I am going to paraphrase from a book that was paraphrasing from the paper, so forgive me if I don't cover all the details but one of the experiences involved asking two sets of people to come up with creative names for new types of pasta, examples were given that all ended in the letter 'i'.

One group was tasked with immediately getting to work whilst the other group was given another task first, a task that took up all their concentration (it was following a dot move around a computer screen and monitor when it changed colour).

The group that got to work immediately showed a far higher instance of coming up with more names that ended in 'i' than the group that had a break from actively thinking about the problem.

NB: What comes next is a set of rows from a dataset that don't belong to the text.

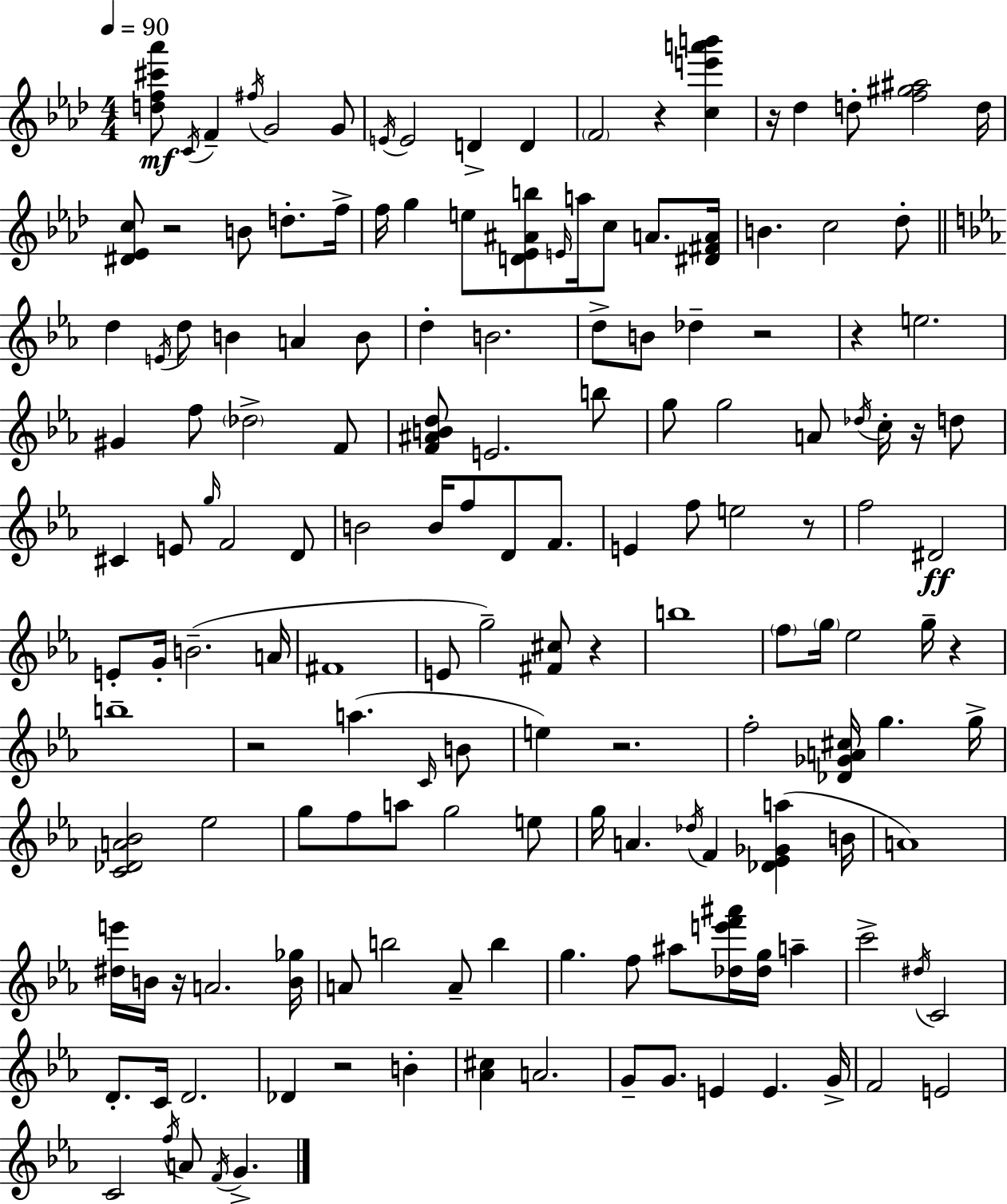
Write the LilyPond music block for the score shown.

{
  \clef treble
  \numericTimeSignature
  \time 4/4
  \key aes \major
  \tempo 4 = 90
  \repeat volta 2 { <d'' f'' cis''' aes'''>8\mf \acciaccatura { c'16 } f'4-- \acciaccatura { fis''16 } g'2 | g'8 \acciaccatura { e'16 } e'2 d'4-> d'4 | \parenthesize f'2 r4 <c'' e''' a''' b'''>4 | r16 des''4 d''8-. <f'' gis'' ais''>2 | \break d''16 <dis' ees' c''>8 r2 b'8 d''8.-. | f''16-> f''16 g''4 e''8 <d' ees' ais' b''>8 \grace { e'16 } a''16 c''8 | a'8. <dis' fis' a'>16 b'4. c''2 | des''8-. \bar "||" \break \key ees \major d''4 \acciaccatura { e'16 } d''8 b'4 a'4 b'8 | d''4-. b'2. | d''8-> b'8 des''4-- r2 | r4 e''2. | \break gis'4 f''8 \parenthesize des''2-> f'8 | <f' ais' b' d''>8 e'2. b''8 | g''8 g''2 a'8 \acciaccatura { des''16 } c''16-. r16 | d''8 cis'4 e'8 \grace { g''16 } f'2 | \break d'8 b'2 b'16 f''8 d'8 | f'8. e'4 f''8 e''2 | r8 f''2 dis'2\ff | e'8-. g'16-. b'2.--( | \break a'16 fis'1 | e'8 g''2--) <fis' cis''>8 r4 | b''1 | \parenthesize f''8 \parenthesize g''16 ees''2 g''16-- r4 | \break b''1-- | r2 a''4.( | \grace { c'16 } b'8 e''4) r2. | f''2-. <des' ges' a' cis''>16 g''4. | \break g''16-> <c' des' a' bes'>2 ees''2 | g''8 f''8 a''8 g''2 | e''8 g''16 a'4. \acciaccatura { des''16 } f'4 | <des' ees' ges' a''>4( b'16 a'1) | \break <dis'' e'''>16 b'16 r16 a'2. | <b' ges''>16 a'8 b''2 a'8-- | b''4 g''4. f''8 ais''8 <des'' e''' f''' ais'''>16 | <des'' g''>16 a''4-- c'''2-> \acciaccatura { dis''16 } c'2 | \break d'8.-. c'16 d'2. | des'4 r2 | b'4-. <aes' cis''>4 a'2. | g'8-- g'8. e'4 e'4. | \break g'16-> f'2 e'2 | c'2 \acciaccatura { f''16 } a'8 | \acciaccatura { f'16 } g'4.-> } \bar "|."
} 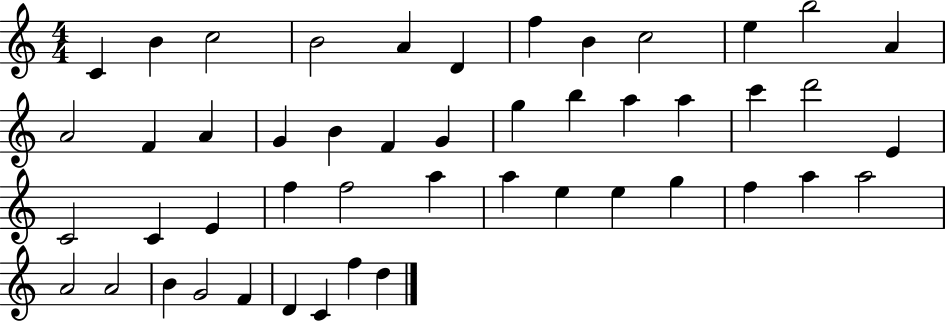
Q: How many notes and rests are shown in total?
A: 48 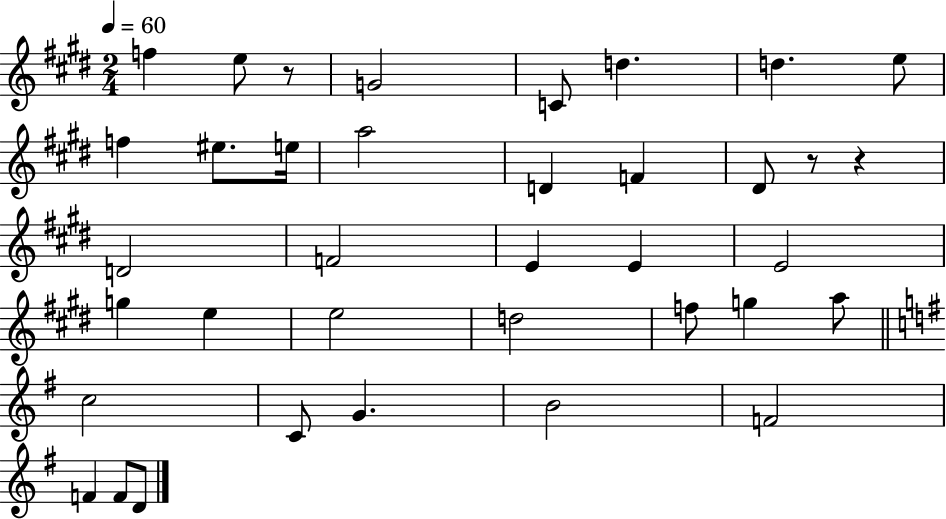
X:1
T:Untitled
M:2/4
L:1/4
K:E
f e/2 z/2 G2 C/2 d d e/2 f ^e/2 e/4 a2 D F ^D/2 z/2 z D2 F2 E E E2 g e e2 d2 f/2 g a/2 c2 C/2 G B2 F2 F F/2 D/2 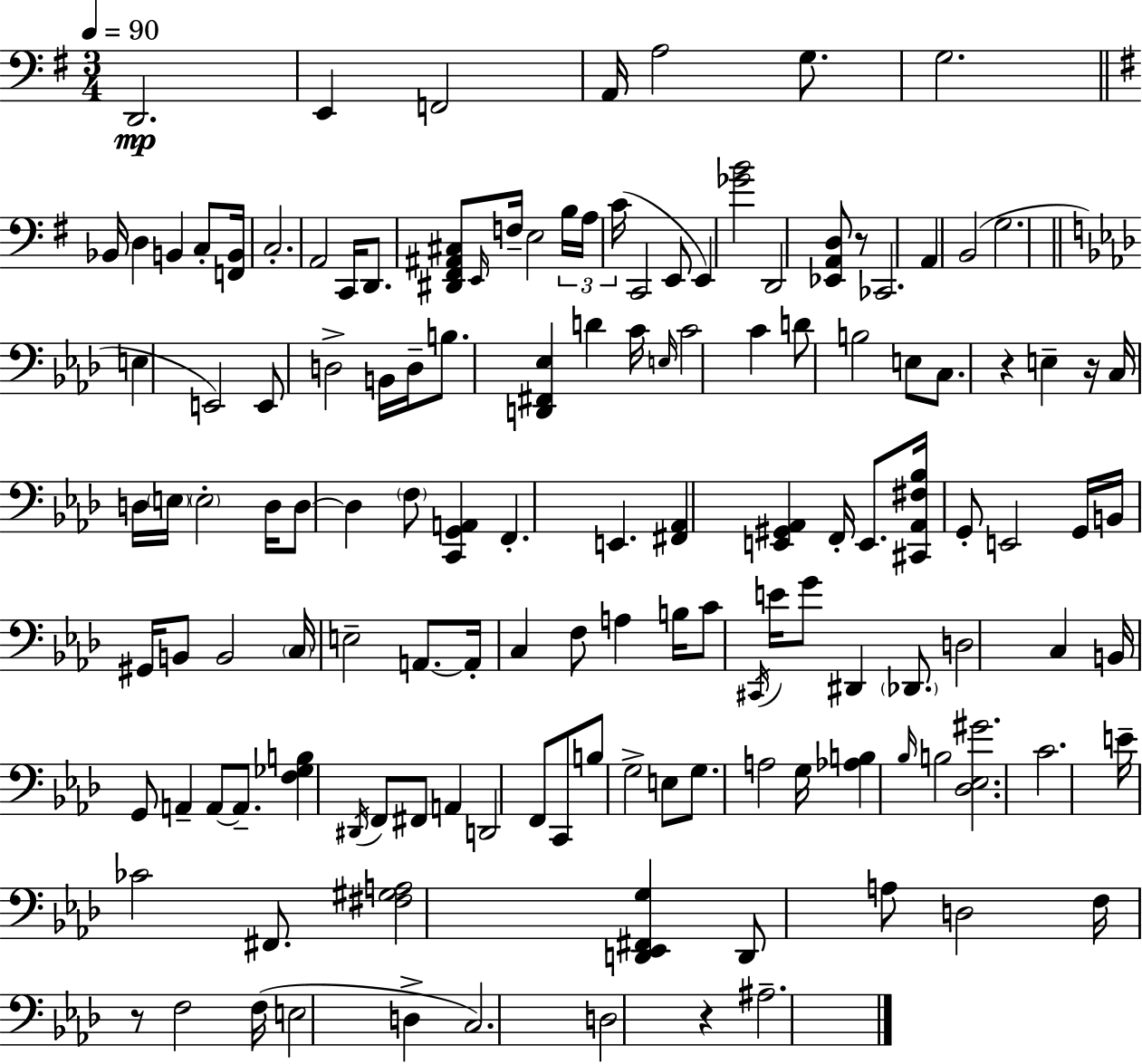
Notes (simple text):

D2/h. E2/q F2/h A2/s A3/h G3/e. G3/h. Bb2/s D3/q B2/q C3/e [F2,B2]/s C3/h. A2/h C2/s D2/e. [D#2,F#2,A#2,C#3]/e E2/s F3/s E3/h B3/s A3/s C4/s C2/h E2/e E2/q [Gb4,B4]/h D2/h [Eb2,A2,D3]/e R/e CES2/h. A2/q B2/h G3/h. E3/q E2/h E2/e D3/h B2/s D3/s B3/e. [D2,F#2,Eb3]/q D4/q C4/s E3/s C4/h C4/q D4/e B3/h E3/e C3/e. R/q E3/q R/s C3/s D3/s E3/s E3/h D3/s D3/e D3/q F3/e [C2,G2,A2]/q F2/q. E2/q. [F#2,Ab2]/q [E2,G#2,Ab2]/q F2/s E2/e. [C#2,Ab2,F#3,Bb3]/s G2/e E2/h G2/s B2/s G#2/s B2/e B2/h C3/s E3/h A2/e. A2/s C3/q F3/e A3/q B3/s C4/e C#2/s E4/s G4/e D#2/q Db2/e. D3/h C3/q B2/s G2/e A2/q A2/e A2/e. [F3,Gb3,B3]/q D#2/s F2/e F#2/e A2/q D2/h F2/e C2/e B3/e G3/h E3/e G3/e. A3/h G3/s [Ab3,B3]/q Bb3/s B3/h [Db3,Eb3,G#4]/h. C4/h. E4/s CES4/h F#2/e. [F#3,G#3,A3]/h [D2,Eb2,F#2,G3]/q D2/e A3/e D3/h F3/s R/e F3/h F3/s E3/h D3/q C3/h. D3/h R/q A#3/h.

The conclusion that was drawn was that when your conscious is focused on a task it gives you unconscious time to process and think about other problems in a creative way.

To quote from 59 Seconds;

The results were remarkable. The volunteers who had been consciously thinking about the task produced more pasta names ending in 'i' that those who had been busy chasing a dot around a computer screen. In contrast, when the more unusual pasta names were examined, the dot-chasing volunteers produced almost twice as many suggestions as those in the other groups.

Now, how does this relate to programming? Well my take away was if I am addressed with a problem and jump straight into it, I am likely to solve it the way I have always solved it, or with some variation of something I have done before, but perhaps if I focus my mind on another task first I might be able to unlock the power of the unconscious to come up with a more novel or interesting solution to the problem.